Un fiocco di neve di cotone idrofilo imbevuto di disinfettante e avvolto in carta adesiva bianca.
Questo resta della mia seconda dose. Ho scelto la foto di questa nuvola di cotone al posto del selfie canonico con il deltoide in primo piano come simbolo di passaggio.
Non credo infatti che si possa già parlare di traguardo per chi si è sottoposto ai vaccini, ma certamente il periodo che stiamo percorrendo è qualcosa che molti vorranno raccontare più in là ed è quindi in momenti come questo che vien fuori l’essenza di chi li affronta.
“Ti ricordi l’anno della pandemia da Covid e dei vaccini a tappeto?” – diranno tra qualche decennio i nostalgici del passato, quelli che voltano lo sguardo sempre indietro. Speriamo di non dover annoverare anche altre sciagure ambientali oltre a quelle già in atto, altrimenti il futuro ci chiederà conto di quel che abbiamo combinato con le risorse a nostra disposizione.
E mi ci metto io stessa nel calderone dei responsabili, perché anch’io sono parte integrante di questa società dei consumi smodati e dell’involuzione accelerata delle menti, del clima, del sentire comune, del senso di comunità, del lavoro, dei diritti.
quel che resta del vaccino
Cosa resta della mia seconda dose di vaccino? Un batuffolo di cotone imbevuto avvolto nel nastro adesivo.
Cosa resta dei volti che ho visto in coda con me? Non molto, a dire il vero.
Ma qualcosa, nel tutto, mi ha colpito: l’infermiera che mi ha somministrato il vaccino sorrideva pochi istanti prima che io entrassi nel box dedicato. In quel momento, e dopo, ho pensato a quanto sia difficile sorridere sul lavoro, a quanto sia difficile sorridere quando vaccini 1000 e più persone in un giorno. Non deve essere facile per chi lo fa, ma forse tutto questo diventa più facile per chi sorride.
Non dico che il lavoro possa alleggerirsi e sembrarci bello solo se ci imponiamo falsamente di sorridere. Dico che l’atteggiamento verso il proprio mestiere è forse il mestiere stesso che ogni giorno compiamo. E l’equazione non cambia sia che si tratti di operare un paziente, di fargli un vaccino, di potare un prato, di fare il muratore o lo spazzino. L’essenza non cambia.
Quella infermiera sorrideva, ma quanti diversamente da lei fanno male il proprio lavoro o trattano male i propri pazienti? Dov’è l’etica? Che fine ha fatto la deontologia? Che ne è stato del giuramento di Ippocrate?
Come direbbe un giullare a corto di battute, siamo più nell’era degli ipocriti che degli Ippocrate. Ed è proprio così.
fare rumore con il buon esempio
Perché – mi chiedo – non fanno rumore le persone che fanno bene il proprio lavoro e fanno bene quel che devono fare in generale? Una domanda che torna ricorrente, come torna il tema del fare bene le cose perché è giusto.

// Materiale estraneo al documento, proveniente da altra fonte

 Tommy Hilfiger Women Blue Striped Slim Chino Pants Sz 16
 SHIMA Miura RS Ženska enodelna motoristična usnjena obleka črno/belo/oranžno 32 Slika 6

Ormai anche dal vicino di casa si sente dire spesso la frase “facciamo le cose all’italiana”. Perché nella nostra cultura ancora persiste la tentazione di ingannare le regole e di non essere attenti a ciò che si fa in ogni luogo in cui si metta piede?
Quell’infermiera sorrideva prima che facessi il vaccino: che cosa strana. Forse per una battuta, forse perché in un momento ha pensato a un ricordo felice. Ma non era un caso, aveva la faccia buona.
Forse sorrideva anche mentre mi somministrava il vaccino, forse sorrideva perché è quello il suo modo di affrontare la vita e il lavoro.
tocca a noi decidere, tocca a noi scegliere chi essere nel mondo
E noi come affrontiamo tutto quello che ci gira intorno e tutto ciò in cui siamo coinvolti?
Si può anche sorridere ma dietro l’angolo ad aspettarci ci sarà sempre il mantello delle falsità, e da quello non sono molti coloro i quali possono dirsi immuni.
Qui bisogna diventare immuni dalla stupidità, dal menefreghismo, dalla sensazione di poter trattare gli altri come fossero meno importanti di noi. E purtroppo è tanto vero nella sanità come lo è in qualsiasi luogo di lavoro.
Bisogna ripulire i nostri atteggiamenti dalla spocchia di chi pensa di sapere tutto e di poter decidere delle vite altrui.
Bisogna tornare a credere che fare bene il lavoro ed essere brave persone ripaghi, perché ho idea che questo obiettivo sia stato perso proprio per una costruzione errata dall’assetto sociale ma anche per la mancanza di tanti “bravo” o “brava” non detti e che non arrivano mai ma la cui assenza grava moltissimo sulla percezione del peso del proprio lavoro.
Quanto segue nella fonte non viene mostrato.